* _PROMPT_
Output must consist only of the lines of the material below from the one with "Hurricane de table en verre 2 pièces" through the one with "Volcom Men’s Vorta", each reproduced exactly; no pictures belong in it.

* _DATA SHOWN_
[Start of section]
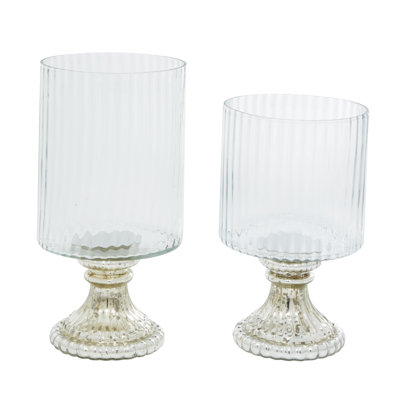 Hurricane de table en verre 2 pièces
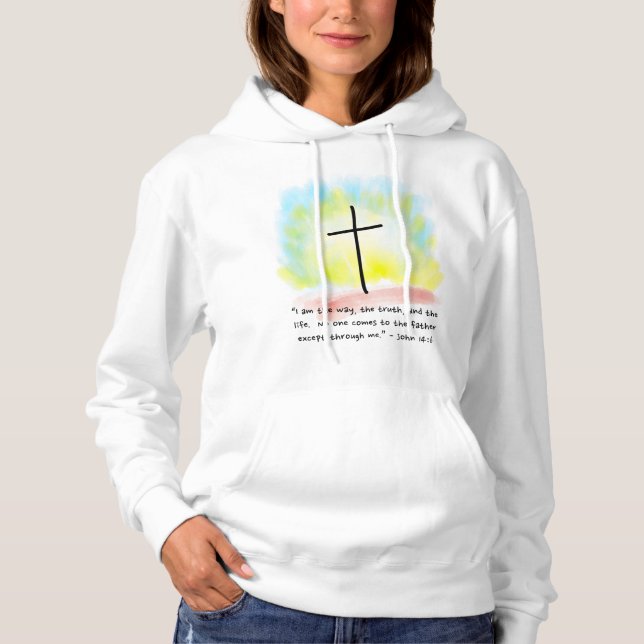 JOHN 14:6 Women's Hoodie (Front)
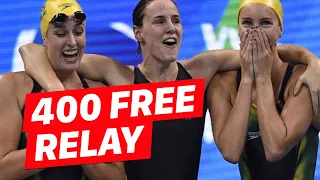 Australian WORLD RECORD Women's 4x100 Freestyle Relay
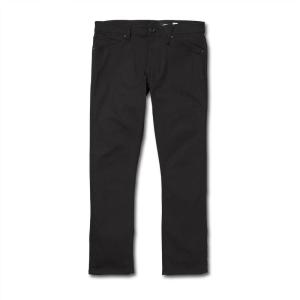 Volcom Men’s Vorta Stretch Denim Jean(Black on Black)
[End of section]
[Start of section]
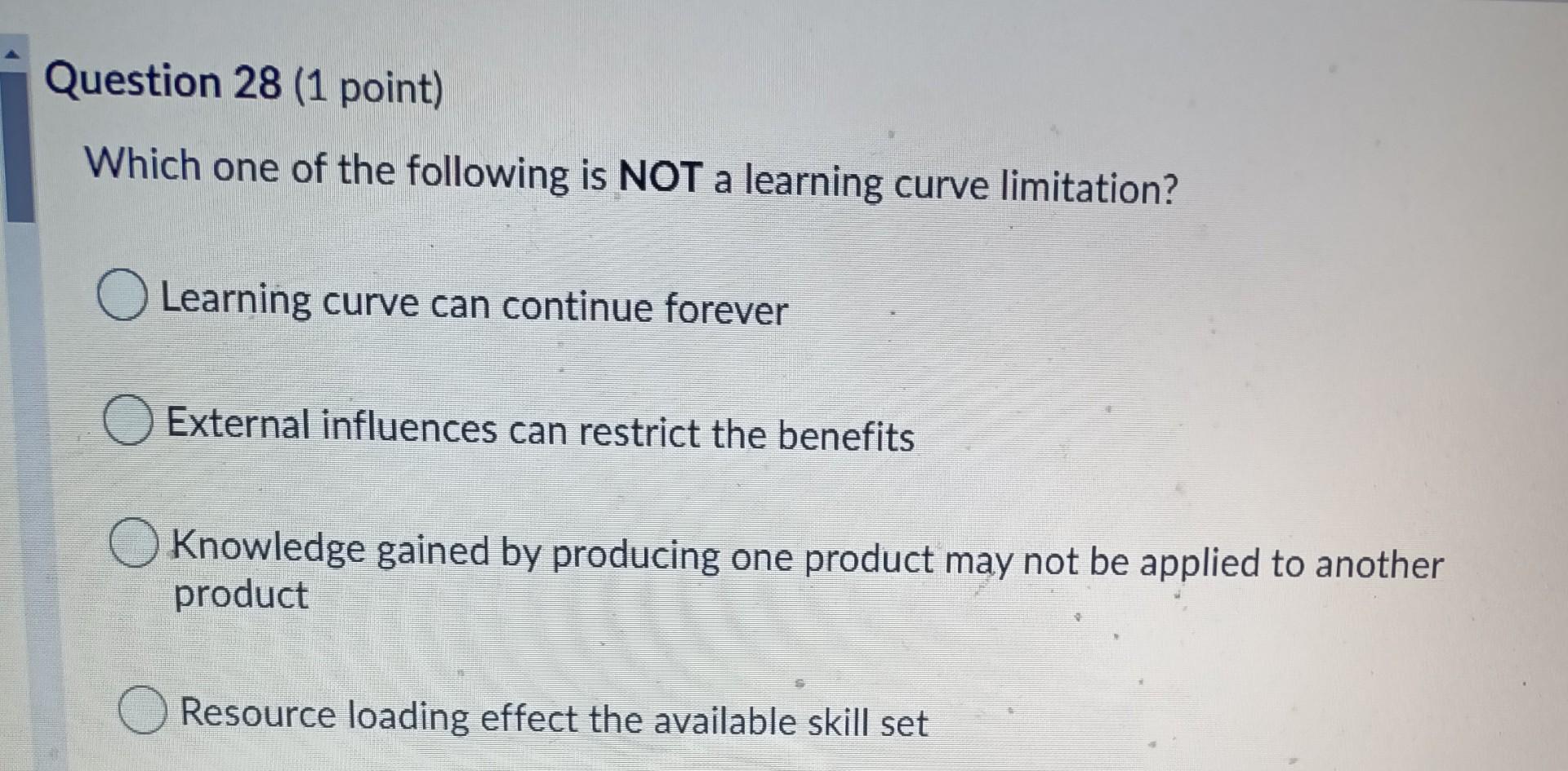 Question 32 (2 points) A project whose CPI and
[End of section]
* _SOLUTION TO THE PROBLEM_
 Hurricane de table en verre 2 pièces
 JOHN 14:6 Women's Hoodie (Front)
 Australian WORLD RECORD Women's 4x100 Freestyle Relay
 Volcom Men’s Vorta Stretch Denim Jean(Black on Black)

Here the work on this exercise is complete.